=== Description of the task ===
Below are records; the lines starting at the one with "(L07) фото 4" and ending at the one with "Cinco - Perfectly" must be reproduced exactly, both included. Pictures must not appear.

=== Available data ===
---+---

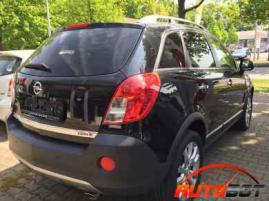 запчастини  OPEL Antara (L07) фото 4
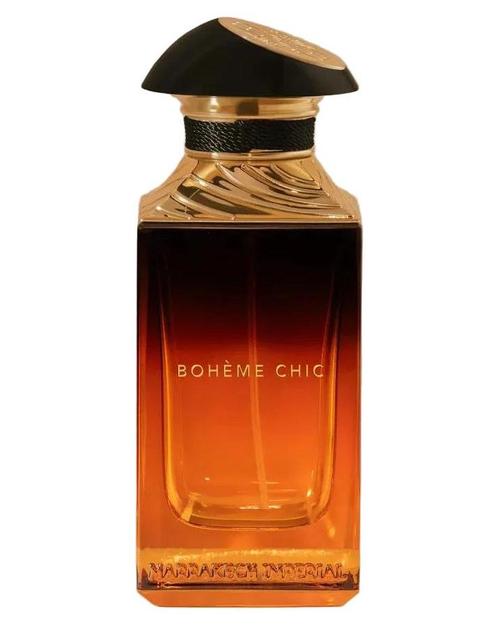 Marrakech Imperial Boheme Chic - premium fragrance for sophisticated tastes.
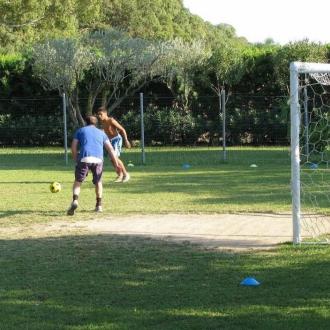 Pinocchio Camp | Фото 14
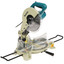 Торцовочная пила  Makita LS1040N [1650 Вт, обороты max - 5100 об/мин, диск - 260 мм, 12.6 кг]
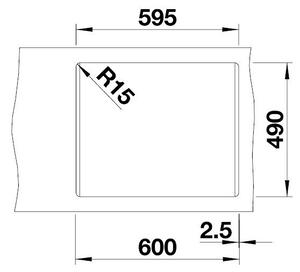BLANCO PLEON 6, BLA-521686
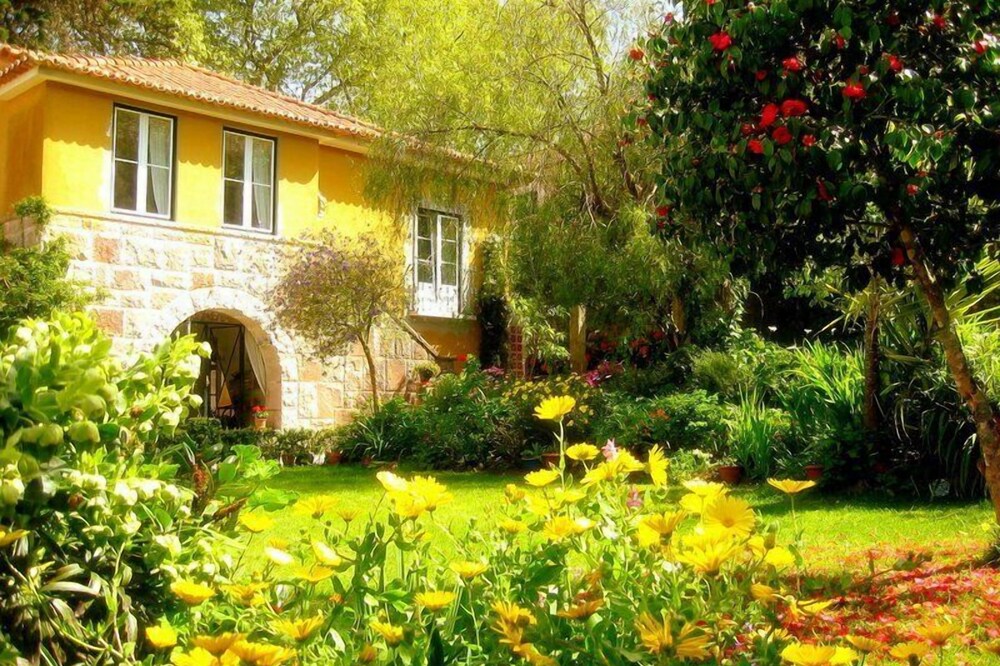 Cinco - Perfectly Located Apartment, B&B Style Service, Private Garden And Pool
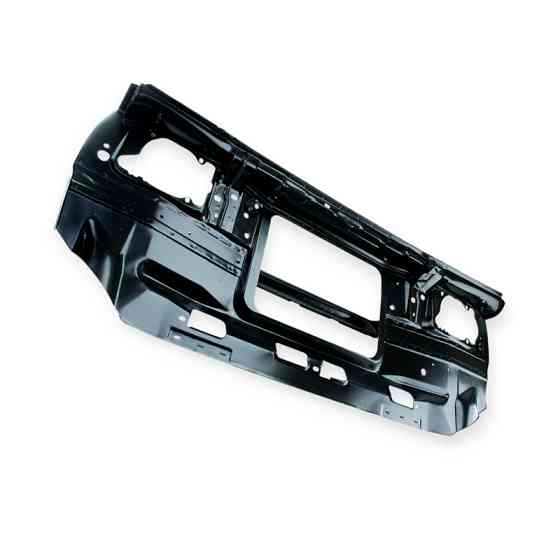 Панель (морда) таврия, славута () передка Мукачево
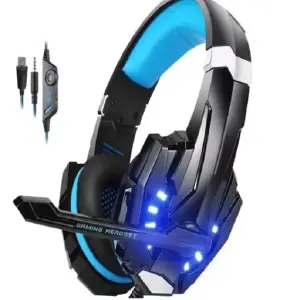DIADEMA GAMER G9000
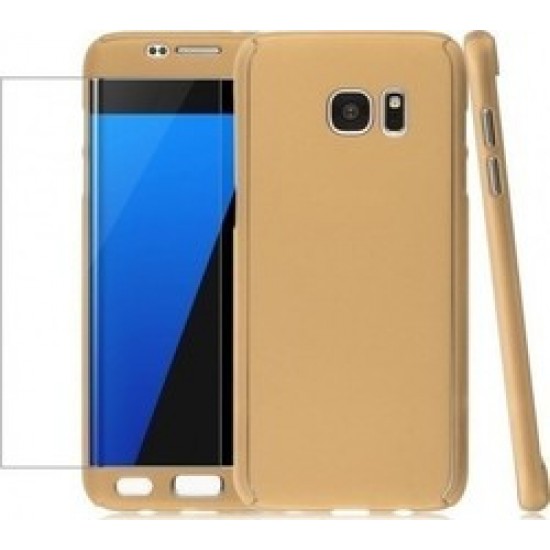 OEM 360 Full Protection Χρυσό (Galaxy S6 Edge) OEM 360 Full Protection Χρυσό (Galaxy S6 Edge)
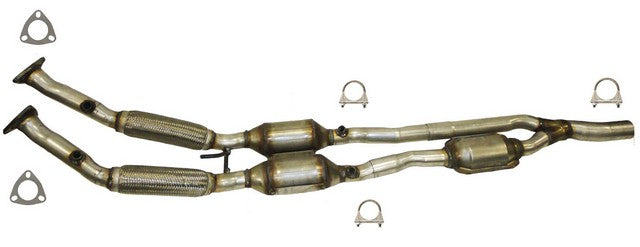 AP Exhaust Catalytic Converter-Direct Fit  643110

---+---

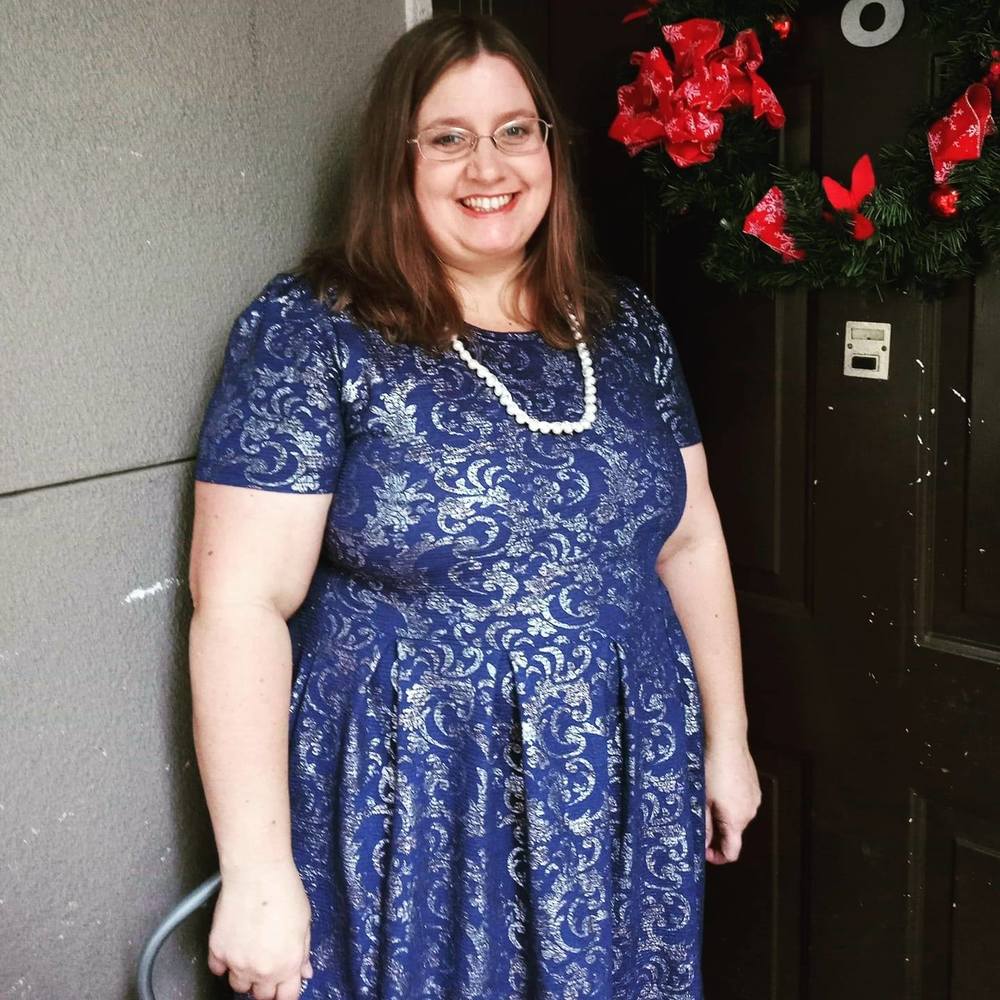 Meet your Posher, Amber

---+---

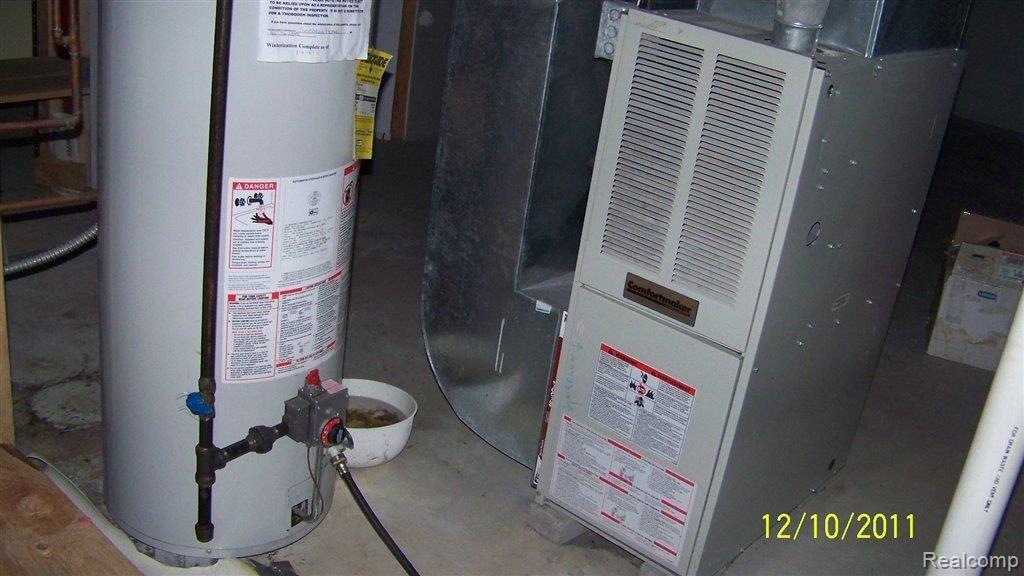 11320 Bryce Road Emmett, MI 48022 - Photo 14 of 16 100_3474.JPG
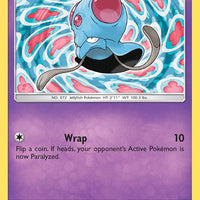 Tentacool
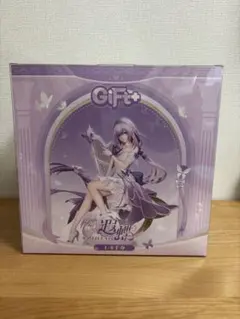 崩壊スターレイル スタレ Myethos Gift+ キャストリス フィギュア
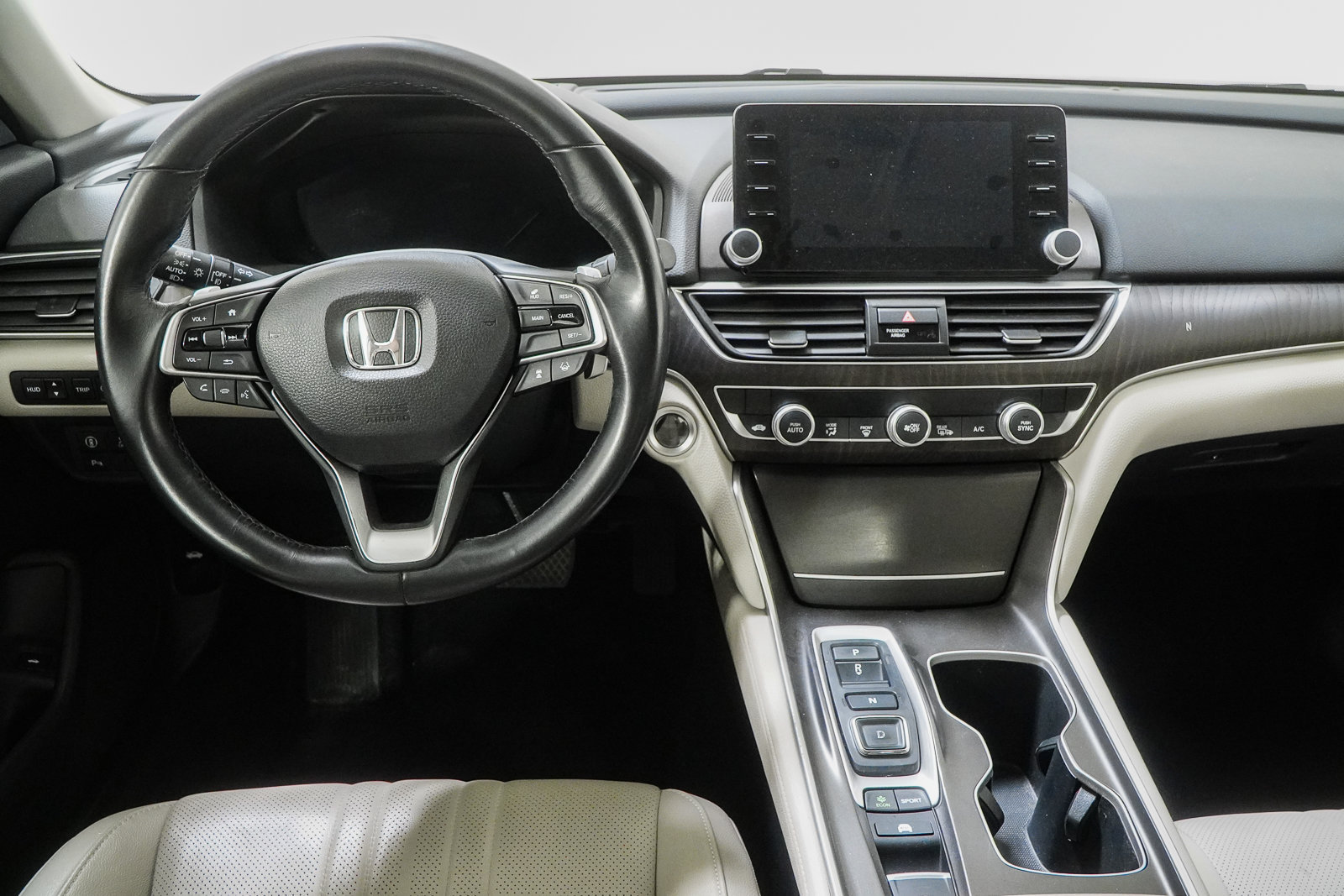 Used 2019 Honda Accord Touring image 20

---+---

=== Exercise result ===
 запчастини  OPEL Antara (L07) фото 4
 Marrakech Imperial Boheme Chic - premium fragrance for sophisticated tastes.
 Pinocchio Camp | Фото 14
 Торцовочная пила  Makita LS1040N [1650 Вт, обороты max - 5100 об/мин, диск - 260 мм, 12.6 кг]
BLANCO PLEON 6, BLA-521686
 Cinco - Perfectly Located Apartment, B&B Style Service, Private Garden And Pool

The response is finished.